Suriye'deki yeni yönetimin lideri Ahmed eş-Şera bir Türk gazetesine verdiği demeçte, Esed'in devrilmesinin ‘sadece Suriye halkı için değil, aynı zamanda Türk halkı için de bir zafer olduğunu’ söyledi.
Reuters'ın sorularını yanıtlayan Türk yetkili, HTŞ'nin Ankara'nın kontrolünde olmadığını belirterek, HTŞ’yi ‘şartlar gereği iletişim kurulan’ bir yapı olarak tanımladı. Yetkili ayrıca, birçok Batılı ülkenin de bunu yaptığını ifade etti.
Demokratik Birlik Partisi (PYD) ve ona bağlı YPG liderliğindeki Suriyeli Kürt gruplar, 2011 yılında Esed'e karşı başlayan ayaklanmanın ardından ülkenin kuzeyinin büyük bölümünü kontrol altına aldı. Bağımsızlıktan ziyade özerklik istediklerini vurgularken kendi yönetimlerini kurdular.
Sosyalizm ve feminizmi vurgulayan politikaları HTŞ'nin yöneliminden oldukça farklı.
ABD öncülüğündeki güçlerin DEAŞ'a karşı SDG ile ittifak kurarak ağırlıklı olarak Arap olan bölgeleri kontrol altına almasıyla bölgeleri genişledi.
Türkiye destekli SMO’yu oluşturan gruplar, Esed'in devrilmesiyle birlikte SDG'ye karşı saldırılarını şiddetlendirerek 9 Aralık'ta Münbiç şehrini ele geçirdi.
Washington ateşkese aracılık etti, ancak SDG Türkiye ve müttefiklerini ateşkese uymamakla suçladı. Bir Türk savunma bakanlığı yetkilisi böyle bir anlaşma olmadığını söyledi.
ABD'nin SDG'ye verdiği destek, ABD ile NATO üyesi Türkiye arasındaki gerilimi arttırdı.

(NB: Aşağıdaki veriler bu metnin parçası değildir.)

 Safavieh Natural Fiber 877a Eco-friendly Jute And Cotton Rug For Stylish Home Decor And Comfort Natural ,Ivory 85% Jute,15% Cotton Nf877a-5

Washington SDG'yi, ABD Dışişleri Bakanı Antony Blinken'ın bu dönemi Suriye'deki kabiliyetlerini yeniden inşa etmek için kullanmaya çalışacağı uyarısında bulunduğu DEAŞ'a karşı mücadelede kilit bir ortak olarak görüyor. SDG halen militan örgütle bağlantılı on binlerce kişiyi kamplarda ve cezaevlerinde tutuyor.
Milli Savunma Bakanı Yaşar Güler geçen hafta yaptığı açıklamada, ülkesinin Suriye'de DEAŞ'ın yeniden canlandığına dair herhangi bir belirti tespit etmediğini bildirdi.

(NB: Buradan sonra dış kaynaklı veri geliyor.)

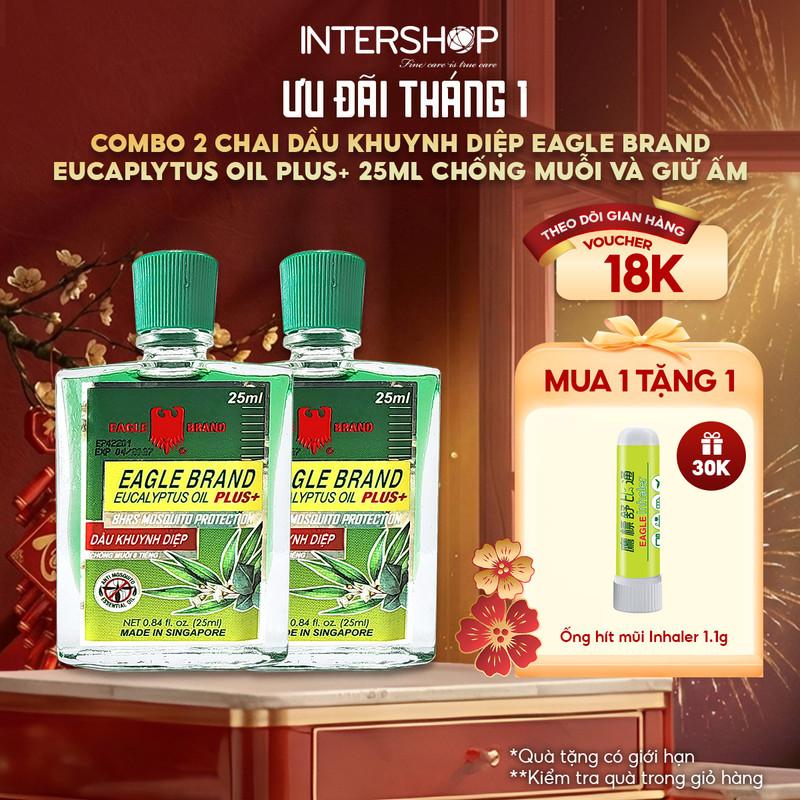  Combo 2 chai Tinh Dầu khuynh diệp Con Ó 2 Nắp Eagle Brand Eucalyptus Oil Plus+ 25ml chống muỗi 8 tiếng giữ ấm cho bé giảm cảm cúm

Dışişleri Bakanı Hakan Fidan cuma günü Ankara'da Alman mevkidaşıyla yaptığı görüşmede, tutukluların tutulduğu kamp ve cezaevlerinin yönetimi için alternatifler bulunması gerektiğini belirtti.

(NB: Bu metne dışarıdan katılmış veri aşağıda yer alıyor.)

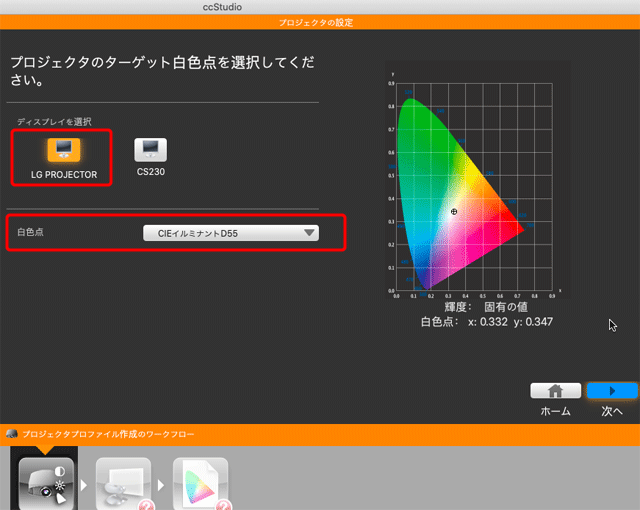 プロジェクタの選択と、白色点の目標の設定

ABD'nin Yakın Doğu İşlerinden Sorumlu Dışişleri Bakan Yardımcısı Barbara Leaf de cuma günü yaptığı açıklamada, Washington'un Ankara ve SDG ile birlikte ‘SDG'nin ülkenin o bölgesindeki rolüne ilişkin sorunsuz bir geçiş’ üzerine çalıştığını söyledi.
Joe Biden'ın yönetimi ABD güçlerinin Suriye'de kalacağını söyledi, ancak Başkan seçilen Donald Trump 20 Ocak'ta göreve başladığında çekilmelerini emredebilir.
Trump'a mesaj
Trump ilk döneminde Suriye'den çekilmek istemiş, ancak hem kendi ülkesinden hem de ABD'nin müttefiklerinden gelen baskılarla karşılaşmıştı.
Şarku’l Avsat’ın Reuters’tan aktardığına göre Suriyeli Kürt yetkili İlham Ahmed, 17 Aralık'ta Trump'a yazdığı mektupta, Türkiye'nin Trump göreve gelmeden önce kuzeydoğuyu kontrol etmeye hazırlandığını iddia etti.
Mektupta, Türkiye'nin planının ‘terörle mücadelede yıllardır kaydedilen ilerlemeyi geri alma tehdidinde bulunduğunu’ yazan Ahmed, Trump’a hitaben “Bu felaketi önleme gücüne sahip olduğunuza inanıyoruz” dedi.
Trump 16 Aralık'ta yaptığı açıklamada, Türkiye'nin Suriye'de olup bitenleri ‘kontrol altına alacağını’ söyledi, ancak ABD askerlerinin Suriye'de konuşlanmasına ilişkin planlarını açıklamadı.
Oklahoma Üniversitesi'nde Suriye uzmanı olan Joshua Landis, “Kürtler imrenilecek bir konumda değil. Şam’daki yeni yönetim kendine çeki düzen verdiğinde bölgeye girecektir. ABD sonsuza kadar orada kalamaz” ifadelerini kullandı.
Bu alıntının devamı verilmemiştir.